Letter to the Editor: “Amherst Isn’t as Left as You May Think” — What Would Cervantes Say?

Alumnus Jim Knight ’69 responds to Managing Opinion Editor Caroline Flinn ’28’s critique of Amherst’s political culture, invoking Don Quixote to argue that true intellectual engagement requires vigorous, even uncomfortable disagreement.

To the editor,

Managing Opinion Editor Caroline Flinn ’28’s March 4 piece, “Amherst Isn’t As Left as You May Think, was like a protest song whose lyrics are always relevant because they carry a ring of truth that seldom changes with the passage of time. Students she describes as “politically noncommittal” and who “value ... balancing a condemnation of injustice with a reluctance to alienate friends,” who balance “abstract commitments to equity with an aversion to social conflict,” and who always seem to “keep things low-stakes and polite” represent to me the hypocritical genteel American type that Samuel Clemens made fun of in “Huckleberry Finn,” the ones whom Herman Melville raged against in “Moby-Dick,” and are no different from those tepid, gray souls he once described as solemn members of “churches that preach unconditional inoffensiveness by all to all.”

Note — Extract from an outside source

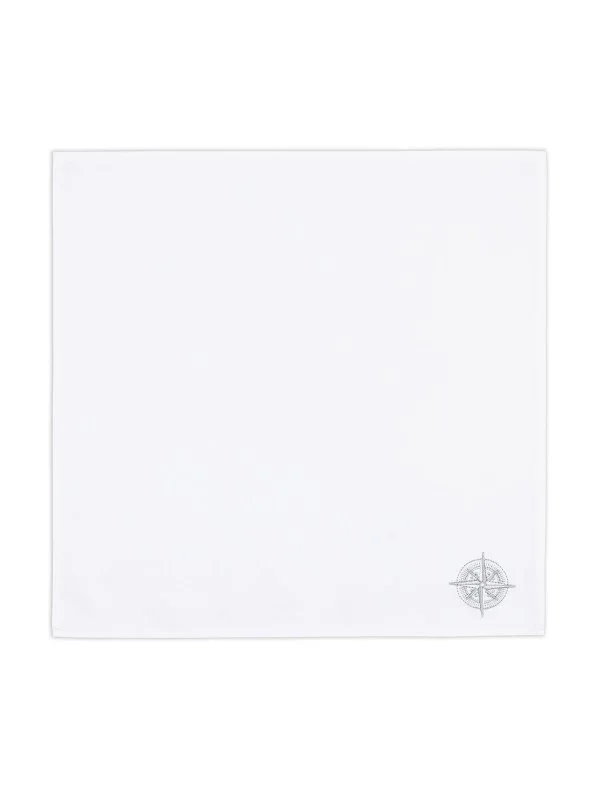 Poplin Cotton Handkerchief with Germirli Silver Color Compass Embroidery - 2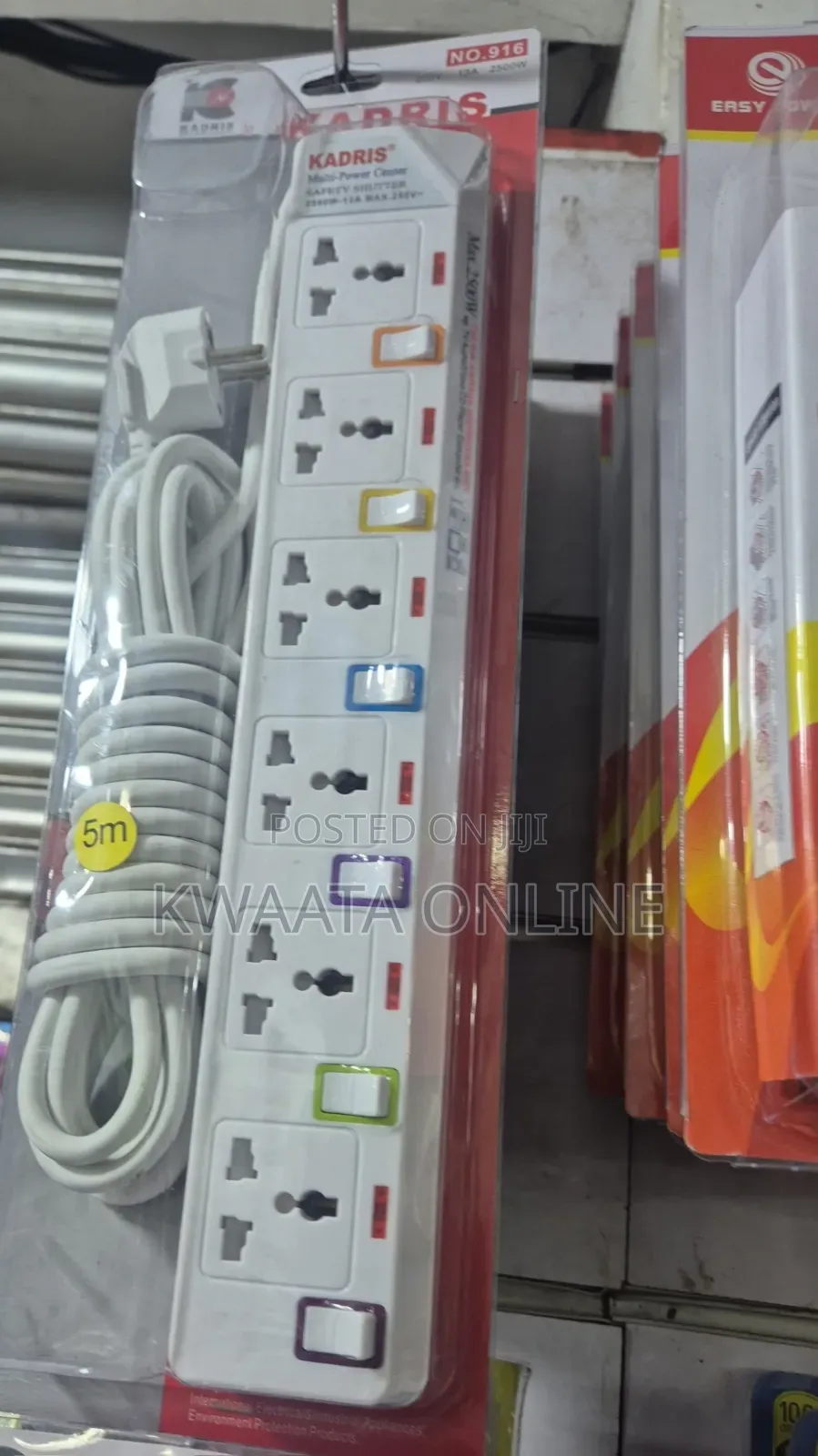 5 Meter 6 Sockets Universal Extension Cord Power Strip Wire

When Flinn adds that “a shocking number of students aren’t political at all — which, in a place that prides itself on intellectual seriousness and moral awareness, feels far more jarring ... than any opinion [she] could happen to disagree with,” I relate so strongly that when I think of that level of pre-larval blindness, especially when combined with the sheer stupidity and bottomless greed that sustains our current political and corporate world, it makes me so nauseous I want to move as far away as possible, and not just to another country but to another planet altogether (anywhere, that is, except Mars)!

As to her suggestions that students “align” their “stated values with” their “behavior,” and that “if you believe something is unjust, ask what you are willing to do about it — beyond discussing it,” I completely agree.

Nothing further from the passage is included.